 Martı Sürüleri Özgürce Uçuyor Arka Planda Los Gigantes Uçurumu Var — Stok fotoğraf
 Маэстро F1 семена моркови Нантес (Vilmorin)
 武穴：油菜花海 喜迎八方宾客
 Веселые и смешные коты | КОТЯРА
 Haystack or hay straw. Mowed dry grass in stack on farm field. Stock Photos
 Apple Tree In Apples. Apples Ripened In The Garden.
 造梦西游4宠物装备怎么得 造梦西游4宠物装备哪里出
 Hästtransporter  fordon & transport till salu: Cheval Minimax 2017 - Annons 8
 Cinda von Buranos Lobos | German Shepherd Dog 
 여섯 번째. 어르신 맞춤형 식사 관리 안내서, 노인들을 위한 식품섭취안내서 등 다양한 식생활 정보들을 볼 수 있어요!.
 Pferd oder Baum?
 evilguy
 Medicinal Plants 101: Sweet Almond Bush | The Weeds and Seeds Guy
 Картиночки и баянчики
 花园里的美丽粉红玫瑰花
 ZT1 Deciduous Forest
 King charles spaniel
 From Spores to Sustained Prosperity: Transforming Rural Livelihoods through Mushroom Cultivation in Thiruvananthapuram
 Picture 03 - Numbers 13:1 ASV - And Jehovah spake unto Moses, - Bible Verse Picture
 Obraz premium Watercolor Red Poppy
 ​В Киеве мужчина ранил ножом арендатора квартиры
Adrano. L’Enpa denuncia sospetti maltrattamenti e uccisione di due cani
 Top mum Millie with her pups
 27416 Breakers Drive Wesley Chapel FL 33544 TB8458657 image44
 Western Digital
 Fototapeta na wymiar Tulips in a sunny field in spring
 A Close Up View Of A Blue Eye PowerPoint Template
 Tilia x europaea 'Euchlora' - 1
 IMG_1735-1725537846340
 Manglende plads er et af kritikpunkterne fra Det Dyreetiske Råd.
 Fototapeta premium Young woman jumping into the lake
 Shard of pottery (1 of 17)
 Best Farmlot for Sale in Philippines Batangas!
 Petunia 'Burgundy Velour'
===============
• WHAT THIS TASK INVOLVES: Set down each record again, exactly as written.

• ANSWER TO THIS EXERCISE:
 Martı Sürüleri Özgürce Uçuyor Arka Planda Los Gigantes Uçurumu Var — Stok fotoğraf
 Маэстро F1 семена моркови Нантес (Vilmorin)
 武穴：油菜花海 喜迎八方宾客
 Веселые и смешные коты | КОТЯРА
 Haystack or hay straw. Mowed dry grass in stack on farm field. Stock Photos
 Apple Tree In Apples. Apples Ripened In The Garden.
 造梦西游4宠物装备怎么得 造梦西游4宠物装备哪里出
 Hästtransporter  fordon & transport till salu: Cheval Minimax 2017 - Annons 8
 Cinda von Buranos Lobos | German Shepherd Dog 
 여섯 번째. 어르신 맞춤형 식사 관리 안내서, 노인들을 위한 식품섭취안내서 등 다양한 식생활 정보들을 볼 수 있어요!.
 Pferd oder Baum?
 evilguy
 Medicinal Plants 101: Sweet Almond Bush | The Weeds and Seeds Guy
 Картиночки и баянчики
 花园里的美丽粉红玫瑰花
 ZT1 Deciduous Forest
 King charles spaniel
 From Spores to Sustained Prosperity: Transforming Rural Livelihoods through Mushroom Cultivation in Thiruvananthapuram
 Picture 03 - Numbers 13:1 ASV - And Jehovah spake unto Moses, - Bible Verse Picture
 Obraz premium Watercolor Red Poppy
 ​В Киеве мужчина ранил ножом арендатора квартиры
Adrano. L’Enpa denuncia sospetti maltrattamenti e uccisione di due cani
 Top mum Millie with her pups
 27416 Breakers Drive Wesley Chapel FL 33544 TB8458657 image44
 Western Digital
 Fototapeta na wymiar Tulips in a sunny field in spring
 A Close Up View Of A Blue Eye PowerPoint Template
 Tilia x europaea 'Euchlora' - 1
 IMG_1735-1725537846340
 Manglende plads er et af kritikpunkterne fra Det Dyreetiske Råd.
 Fototapeta premium Young woman jumping into the lake
 Shard of pottery (1 of 17)
 Best Farmlot for Sale in Philippines Batangas!
 Petunia 'Burgundy Velour'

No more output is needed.